Did I mention that all of this happens in under seven minutes!? Because that's where this episode takes a flying leap over being “misguided filler” and lands square into the territory of “bewildering nonsense”. There might have been a line that indicated how much time actually passed within the narrative, but the script and editing compress the whole affair so much that it feels like a single day passes. Now, if you're the type that reads these reviews before watching the show itself, you might be sitting there, staring at your computer monitors/phone screens, crying out: “But James! This episode is the industry-standard twenty-three minutes and change. The God of High School must do something else with all of that time!” And sure, it does, technically. We're reminded at the top of the episode that Daewi and Mira are set to match-up in the upcoming semifinals, which is important to know for later. Mira's sister Sumi gets a lot of scenes that further establish the family bonds that Mira is protecting – this is less important to know, but it sure does kill time. Mori also gets his share of scenes being his usual irritating self, but his complete lack of respect for his acquaintances personal boundaries does keep Mira from marrying a secret member of that cult that is probably up to no good, so points for him, I guess.

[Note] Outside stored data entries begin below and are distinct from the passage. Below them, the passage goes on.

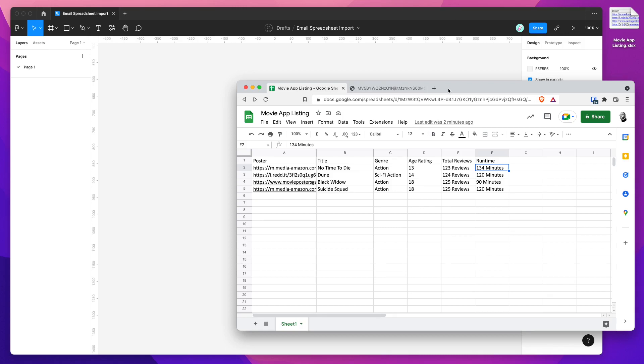Hey everyone, this is Adam and today I'm going to be showing you how to automatically import a spreadsheet into a table component for your email designs, which you can then export out to HTML.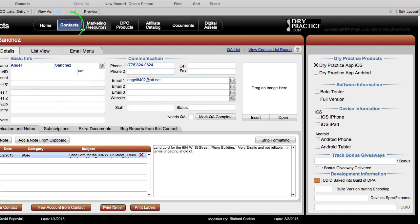I'm in the contacts module right here, and I have a section of interface that may optionally be hidden or visible to the end user depending upon a common set of circumstances. In fact, each of these objects here may all be hidden or visible based upon the same set of circumstances.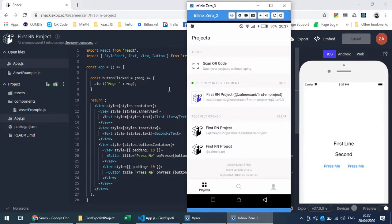This is a nice and easy way of working on your React Native projects, sharing projects, and saving snacks online. It's also helpful if you are working on projects in a course and want to show your Expo CLI based React Native projects to your instructor, get help from peers, or work together — a very nice feature provided by Expo CLI.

Oh, and then there's the last two minutes of the episode, where Daewi learns that his sick friend has died and proceeds to violently beat the ever-loving hell out of Mira in the ring the next day. On its own, this is an admittedly powerful little scene, and it does its job at setting up the emotionally charged action to come when the tournament resumes next week. It's a goddamned insane way to end an episode that had absolutely nothing to do with Daewi up to that point, though, and the tonal whiplash is bad enough that viewers ought to seek legal counsel. So yeah, God of Highschool was a hot mess this week. Maybe the show really should just stick to the flashy fight scenes, and leave the storytelling to…well, anyone else, really.

Rating:

Odds and Ends

• Normally, this is where I'd break down some of the nicer animation cuts in the episode's action sequences, but there weren't any action sequences! I mean, yeah, there was that awfully sad one where Daewi turns Mira's organs into raspberry custard, but I'm not counting that. When Seongjin reveals his evil intentions and giant samurai-lookin' Stand, I figured Mira would at least get some time to beat him up in her wedding dress, but nope. A couple of lame swipes, and he packs up his car and steals her sword, cackling like a doofus. Cool, show. Very cool.

• Speaking of the sword, I'm irritated that not two episodes ago we got a whole to-do made over how important the damned thing was, and now this single wedding farce was enough to get Mira over it completely? Also, the sword might be a super-powerful magical artifact, after all? Why are you this way, God of High School?

• I'm completely over Mori's “hyperactive best friend hero boy” by now, but I definitely empathized with his burger dilemma in this episode. I'd kill for a bulgogi burger any day of the week in these here Quarantine Times.

The God of High School is currently streaming on Crunchyroll.